More than you post depending on workload and other things. But in general more.

A quick google reveals things like this:

270 IOPs per FC drive

tagged command queuing allows you to push them that hard. Of course response time tails off and that would be punishing to drive them that hard if interactive use was the norm.

Secondly, as mentioned, what about usage? What if the DBAs did a normal morning import of data and the array is getting hammered with large IOs for a time? Writes and transfer time for the larger IOs come into play so maybe that 185 IOPS you are quoting is too generous.

"With smaller drives, data has to be spread across more spindles, increasing the available bandwidth."

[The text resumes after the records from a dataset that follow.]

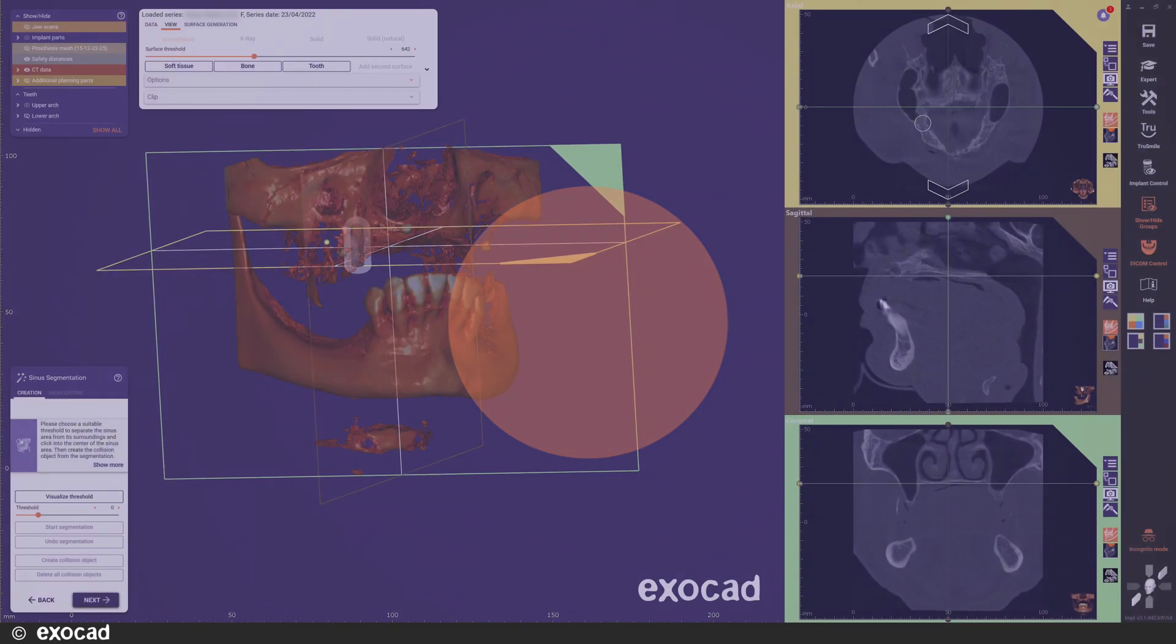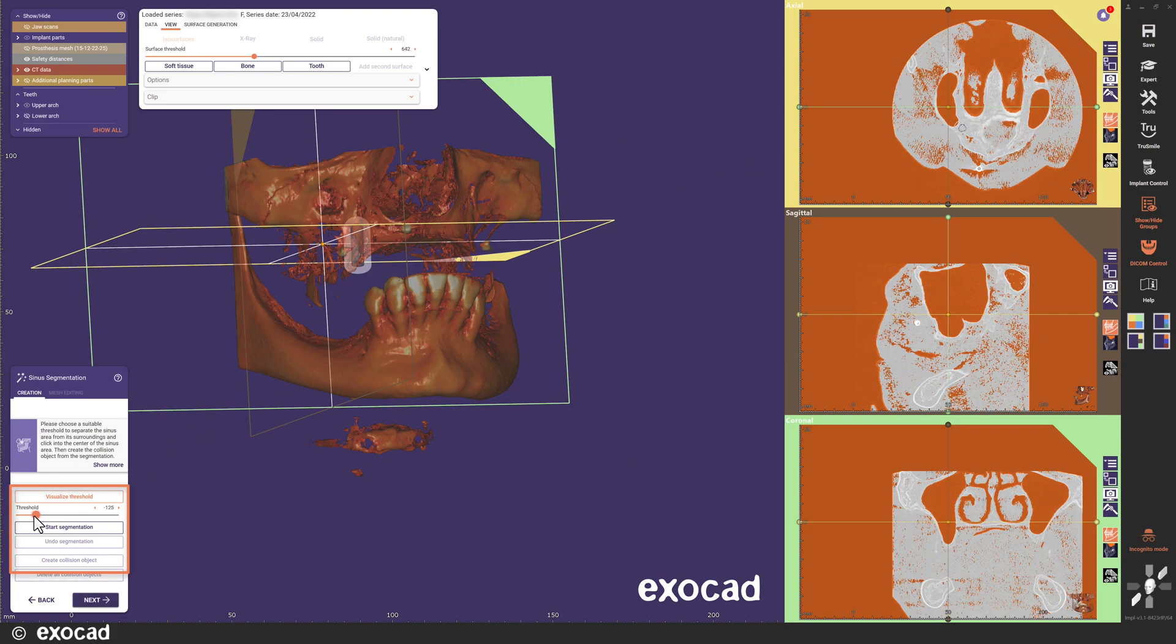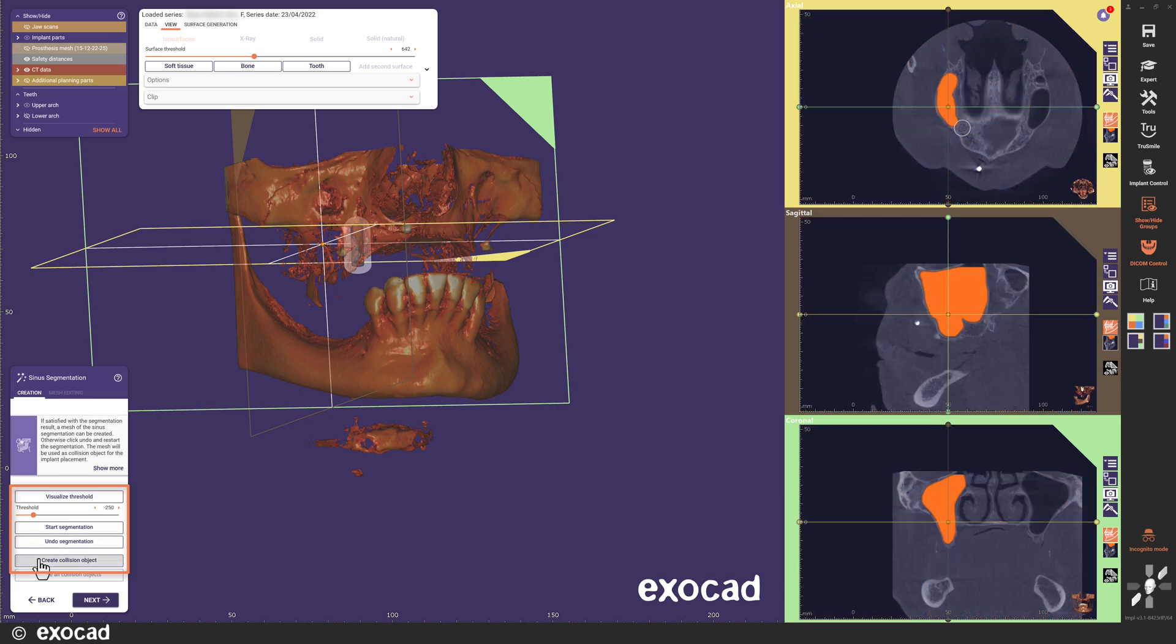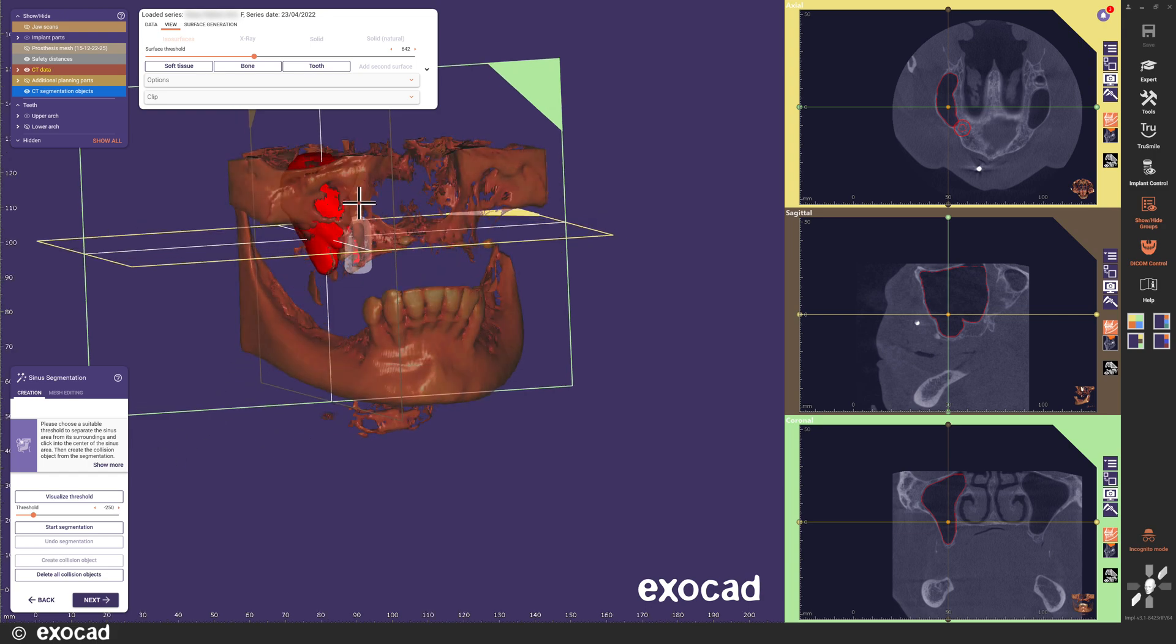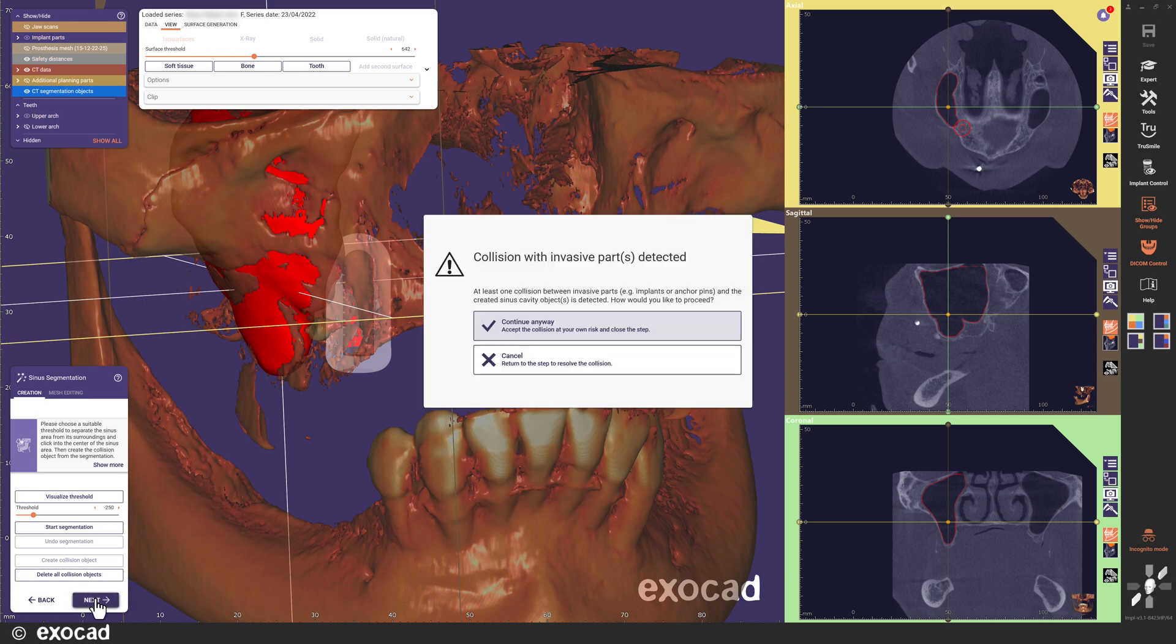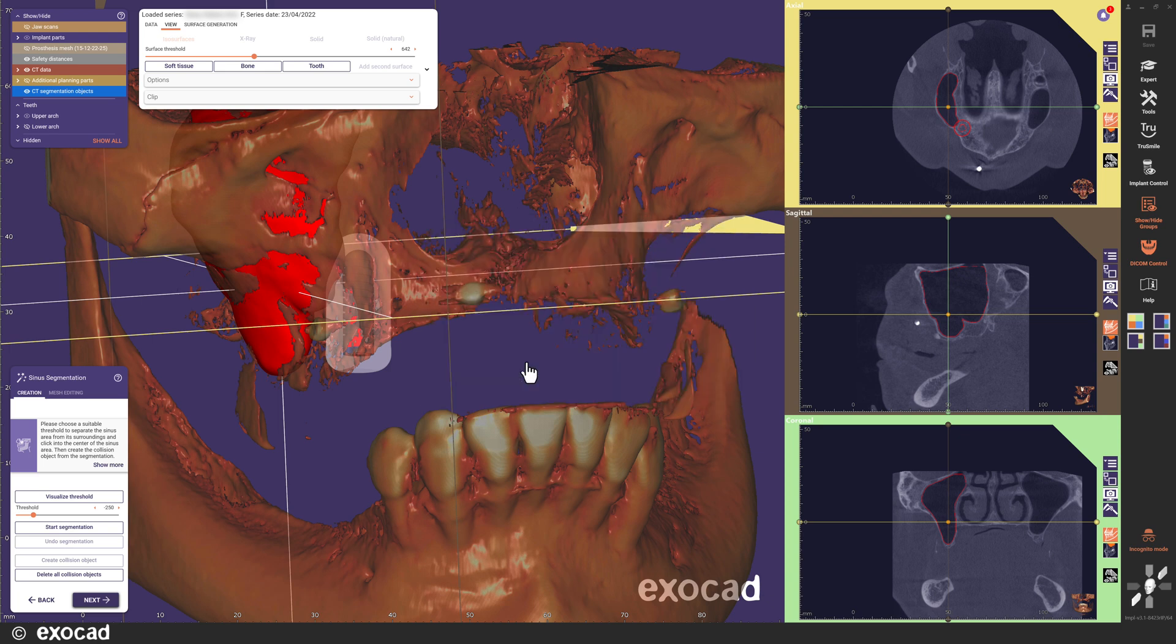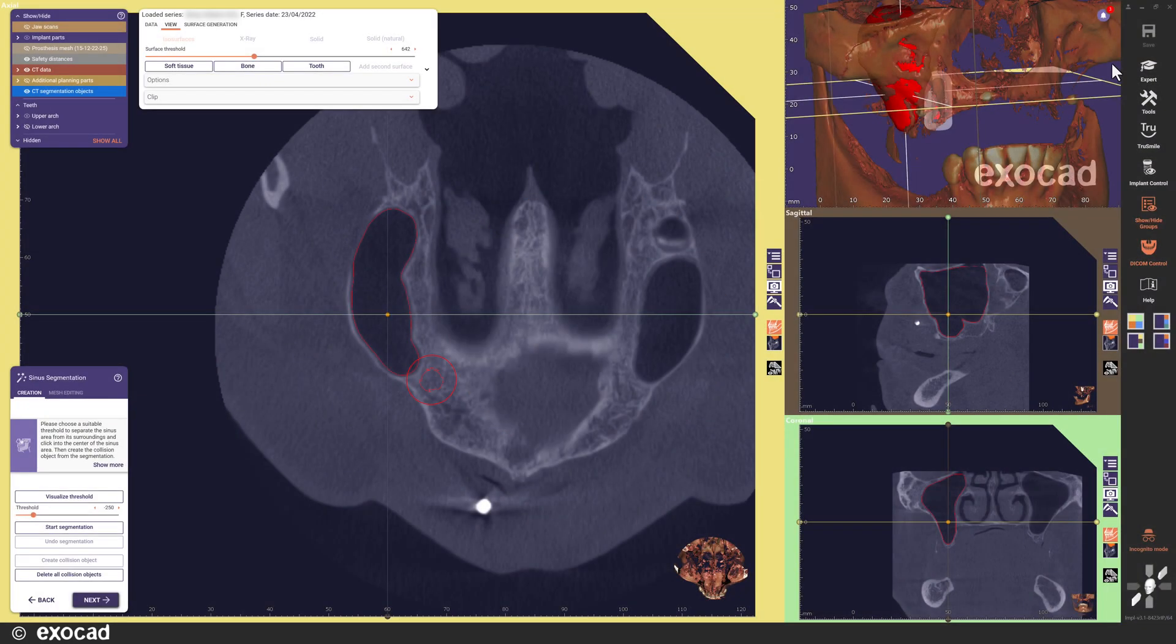Let's continue to the next step, which is the sinus segmentation step. I place the seed point, check the threshold and adjust it. Then I start the segmentation and create the collision object. As you can see, when I created a mesh object for this sinus, I got a collision with the implant I already placed in the rapid preplanning mode. In Exoplan 3.1 Rijeka, you can continue even if you have a collision with the sinus object. It will be mentioned in the report, but maybe you also want to add a screenshot of the area to the report.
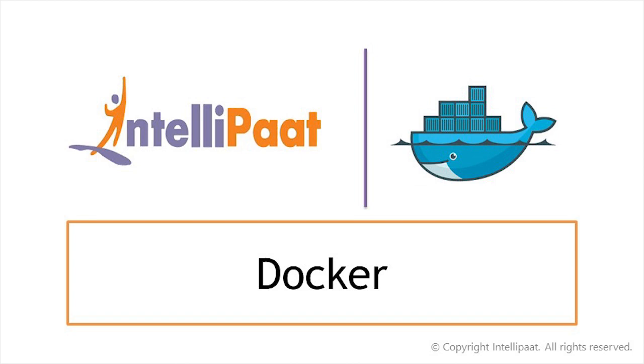Hey friends, welcome back. In this video tutorial series of DevOps, I shall be talking about Docker, another important tool used in DevOps methodology.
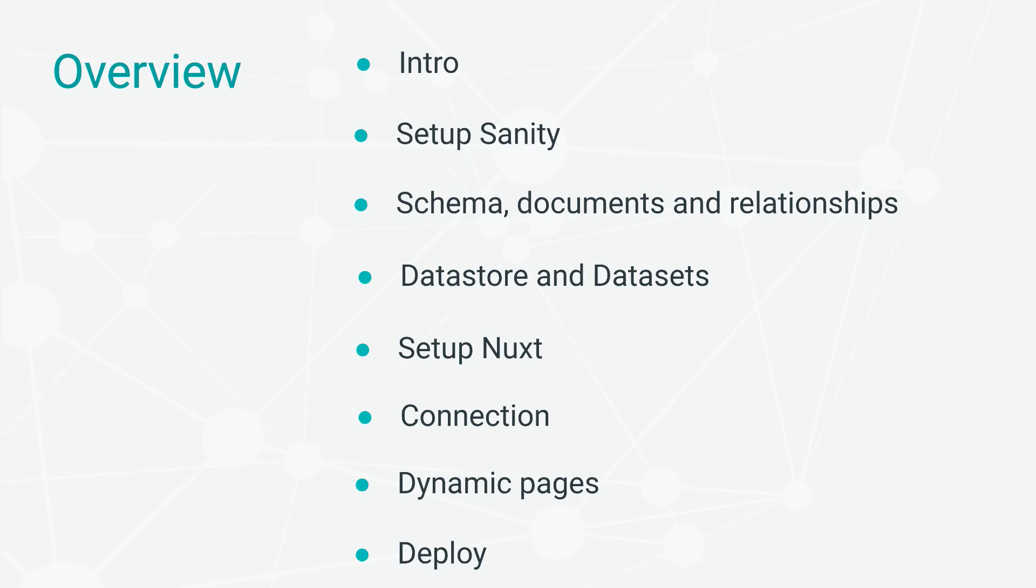And finally, we will deploy both the Sanity and Nuxt applications so that our users can access them from everywhere.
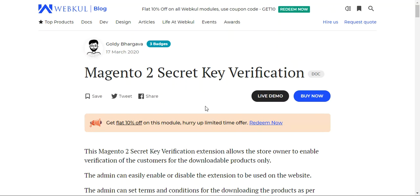That covers the Magento 2 Secret Key Verification plugin. I hope this helped. If you have any questions or queries regarding this module, you can reach us at support@webkul.com or raise a ticket at webkul.uvdesk.com. Thanks for watching and have a great day ahead.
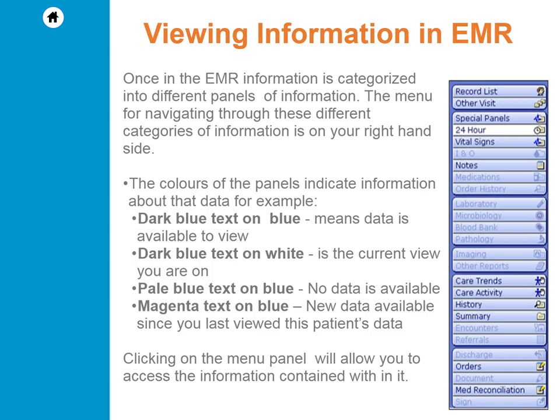Once in the EMR, information is categorized into different panels of information. The menu for navigating through these different categories of information is on your right hand side. The colors of the panels indicate information about that data. For example, dark blue text on blue means data is available to view. Dark blue text on white is the current view you are on. Pale blue text on blue, no data is available.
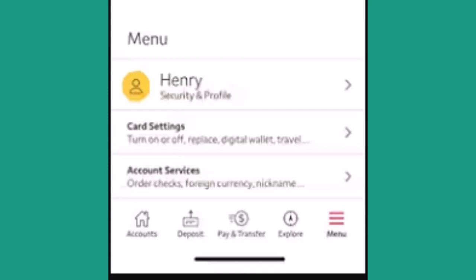After that, you'll need to log in to your Wells Fargo bank account to set it up. You'll need to log in to your online Wells Fargo bank account. After you're logged into your account, click on the menu bar icon located in the bottom right corner of your screen.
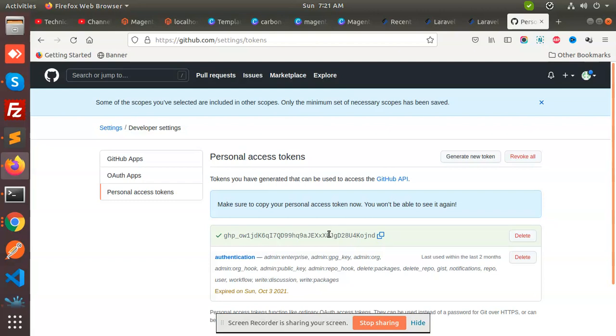This is how GitHub now features this for more security purposes. It will expire within one month, and then you need to generate a new token again to get access to your GitHub repositories.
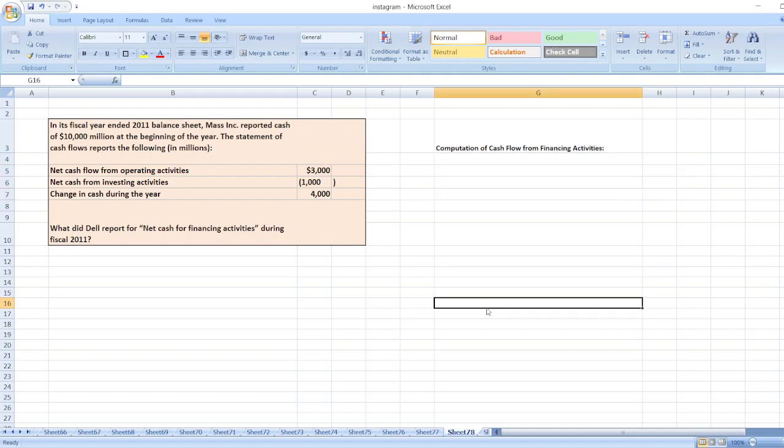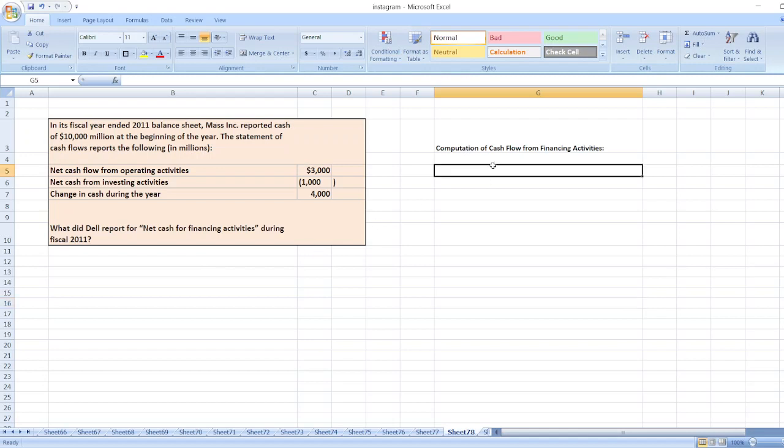Hey guys, the question is: In its fiscal year ended 2011 balance sheet, Mass Incorporated reported cash of $10,000 million at the beginning of the year. The statement of cash flows reports the following in millions. What did they report for net cash for financing activities during fiscal 2011?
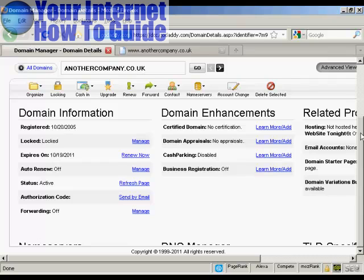In this video, I'm going to show you how to set up the nameservers for your domains. Nameservers are what join together your domain registration and your website hosting account.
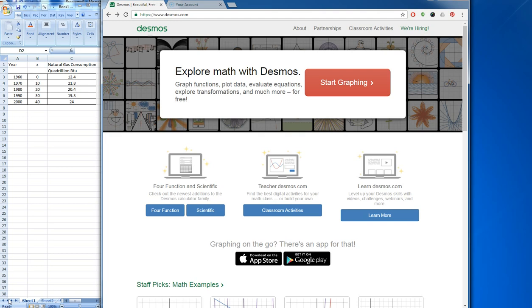I'd like to show an example of modeling data using a cubic regression. The data we're going to be modeling is a number of points which show natural gas consumption in quadrillions of BTUs for a number of years. The tool we're going to use is Desmos, so we can go to the website and begin graphing.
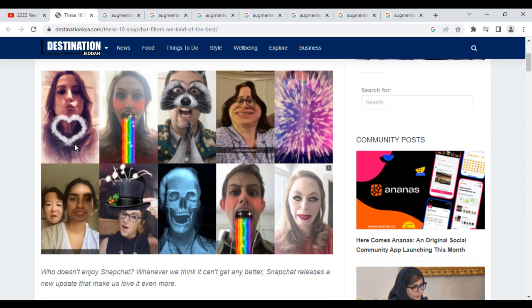The heart shape, the cap, the skeleton, the rainbow, the firework effect — these are all computer generated objects. They are virtual objects. The person's face is the physical object. Augmented Reality is all about overlaying virtual objects on real world objects in such a manner that the virtual objects look like they are really present in that physical world.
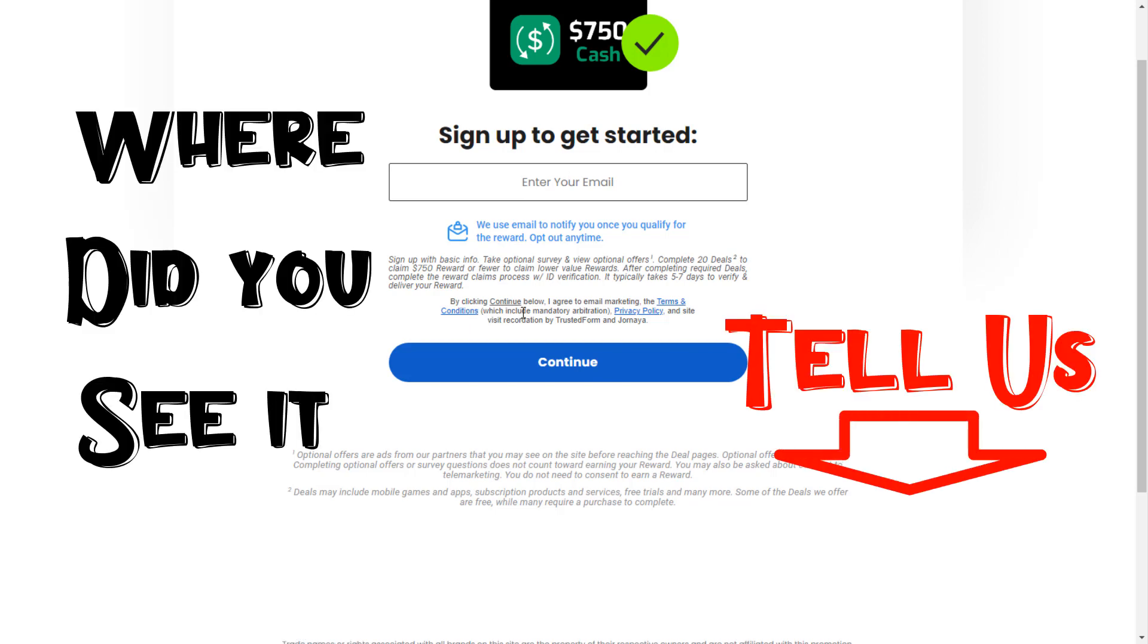How did you find this website? Please tell us down below in the comments.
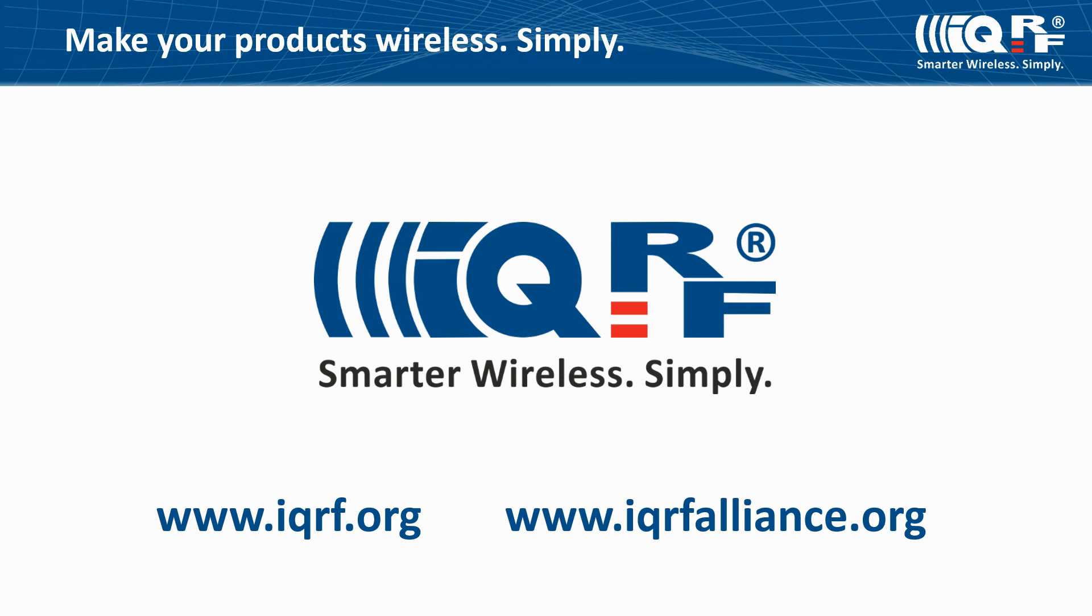To learn more about the technology, you can browse IQRF.org or watch other IQRF videos, or find already existing projects on the IQRF lines.org. Make your products wireless. It's simple.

Not sure drive size comes into play unless your "Enterprise array" is feature-poor. Barry suggests you can front-end with SVC. You can carve and migrate to meta-LUNs touching more arrays in a clariion. You could carve your LUNs out of a 100 disk pool in an EVA. Or (duck) try an XIV and furgetaboutit. Point not to be overlooked is LUN management can overcome IO issues and future-bound a number of vendors will be working with 1MB "partitions" and side-stepping LUN management pain.